We have about 25 years of experience as an industry creating tooling around building and deploying software; though it’s only really in the last 15-18 years that the tooling has accelerated. But, even at 18 years of experience, we have pretty solid tooling around developing and debugging monoliths. Debuggers and IDEs take monoliths for-granted, as they likely should. If you write microservices that depend on other microservices over REST, you’re going to have a bad time debugging services locally. Your choices range from standing up the parts of the system that collaborate, or mocking out external dependencies, or dockerizing the system’s services so that they can be stood up independently. Of course, once you do this you’re diving into mixed networking land for Docker; and there’s not a lot of tooling that can make that experience seamless. A service running outside of docker that you’re debugging is hard to set up to work with services running inside of a docker network, or vice versa. Front-end development is even worse; as node.js is a requirement for building front-ends these days. Try live-debugging with docker for your UI where the source is kept locally. Not fun. Teams handle this problem in different ways; but the point is this problem exists, and the solutions are not as mature as debugging a monolith.

If you use microservices, you need to allocate a sizable chunk of time to building the tooling necessary to allow people to develop against those services.

Deployment requires better tooling with Microservices

Deployment considerations are key if you want a fast moving organization. You can’t respond to change without being able to change your software quickly. Even if you can develop changes quickly, if you can’t deploy them quickly you aren’t a fast-moving organization. Continuous Integration (CI) and Continuous Delivery (CD) is essential to being able to respond to change. These products reflect that the deployment view of the world is monolithic in nature. Source control is built for it, CI/CD systems are built around it; and pretty much every commercial CD system is built with monoliths in mind. There are several deployment models where microservices are used; and none of them have good tooling for microservices.

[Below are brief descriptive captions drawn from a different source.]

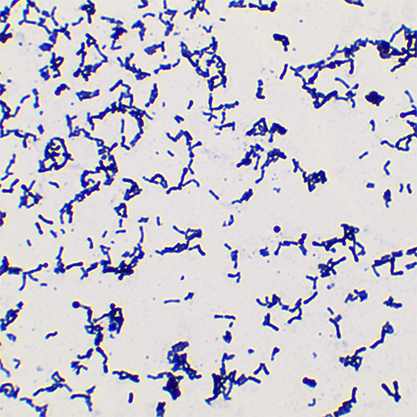 Bifidobacterium adolescentis-BNCC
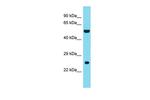 DNAAF3 Polyclonal Antibody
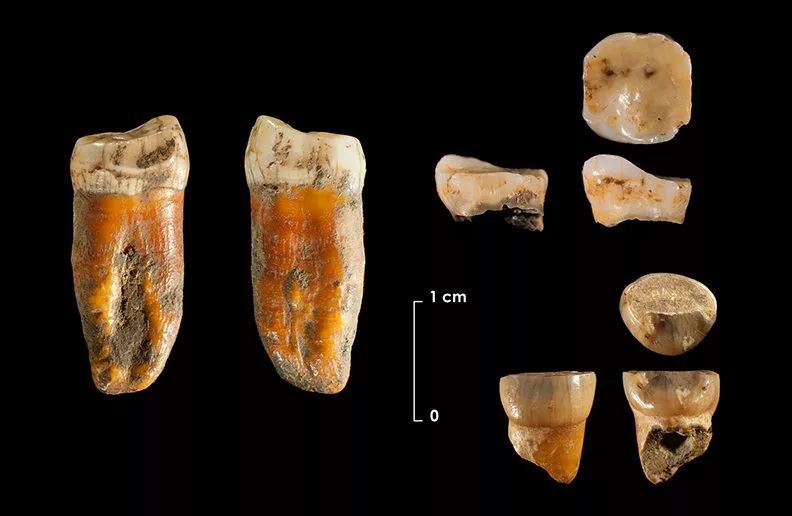 Restos dentales yacimiento de Axlor Foto UC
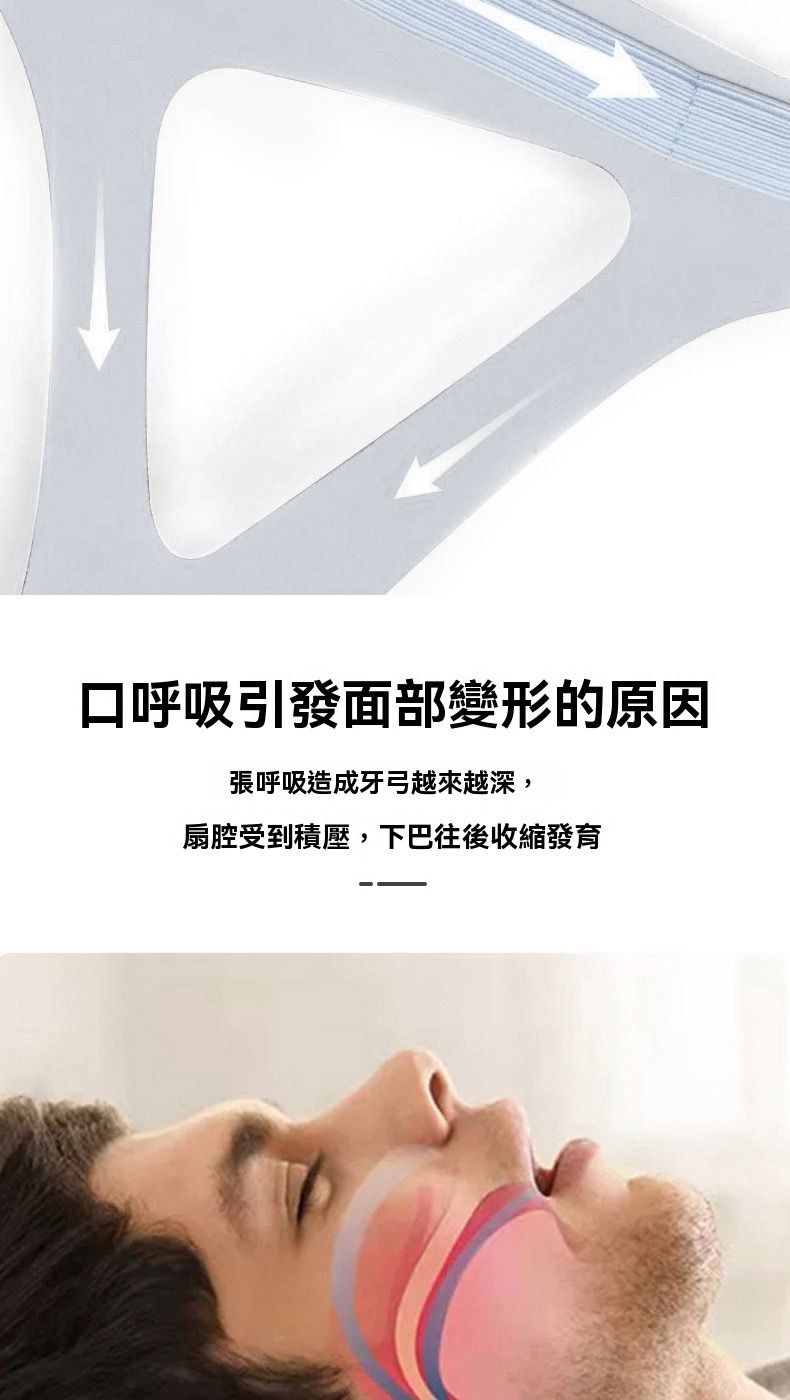 口呼吸引發面部變形的原因張呼吸造成牙弓越來越深,扇腔受到積壓,下巴往後收縮發育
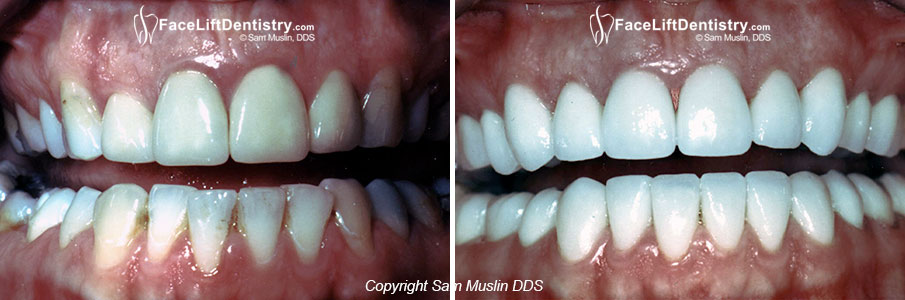  Gummy Smile fixed with Advanced Cosmetic Dentistry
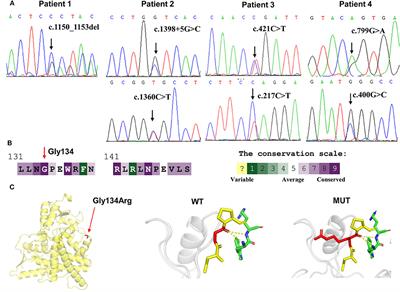 Clinical and Molecular Analysis of Four Patients With 11β-Hydroxylase Deficiency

  1. Deploy on-premises as a packaged solution
  2. Deploy to the cloud independently
  3. Deploy to the cloud as a packaged solution

If you sell your product to customers, and they run it in their own data center, deployment method #1 is what you often deal with. Your solution must be packaged up and deployed together as a single unit. Should this necessitate that you develop as a monolith? No. It shouldn’t. However, if you have microservices, you necessarily have multiple deployable artifacts (whether they’re contained in a mono-repository (all services in one source control repository) or micro-repositories (each service in its own source control repository) is a separate matter), and your CD pipeline must take that into account. The trade-offs change whether it’s a micro-repository or mono-repository; but they still exist as problems not solved by current tooling. For instance, tagging master or a release branch with what is in production; or your promotion model to different internal environments; or even local deployments need to be taken into account by the tooling. If you choose method #2 and combine it with continuous delivery, some of those trade-offs go away; as you can make a rule that the latest in master is always pushed to internal promotion environments; and the only tag happens after a particular commit has been pushed to production; but again, tooling is still lacking to make this a seamless experience.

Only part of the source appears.